Key risks include the health of global agricultural markets; demand and prices for agricultural inputs, which can be volatile, as the impact of weather and global economic factors are difficult to predict. These factors can result in lower than expected demand, resulting in a negative impact on earnings.

Other risks include changes to governing import and export regulations, subsidies, tariffs and legislative regimes; foreign exchange rates; shipping, and transportation constraints; permitting and environmental.

Looking Forward

Agrium will report its fiscal first-quarter 2016 results after the market closes on May 3 and will host a conference call on May 4 at 10:00 a.m. ET (dial-in number is 877 269-7756).

Agrium's management has guided for a slight loss for the first quarter, without being more specific. The analyst consensus is for a loss of $0.04 per share.

Analyst consensus target price is $88.00, which is based on an 8.5x EV/2017 EBITDA multiple.

Because of my long investment horizon, I purchased additional shares of Agrium last week for a registered account. This is a long-term account where I rarely do any selling, but occasional buying when the growing cash balance from the income stream in the account reaches a level where it's time to put the cash to work.

Investors with a shorter investment horizon may wish to wait for a clearer picture of the outlook from the all-important second-quarter earnings announcement.
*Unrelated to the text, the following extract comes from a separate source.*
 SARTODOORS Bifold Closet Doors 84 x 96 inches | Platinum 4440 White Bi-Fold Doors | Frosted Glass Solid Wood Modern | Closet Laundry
Typically, about 60% of Agrium's annual earnings are generated in its second quarter, which is the peak of the North American planting season.

Disclosure: I am/we are long AGU.

I wrote this article myself, and it expresses my own opinions. I am not receiving compensation for it (other than from Seeking Alpha). I have no business relationship with any company whose stock is mentioned in this article.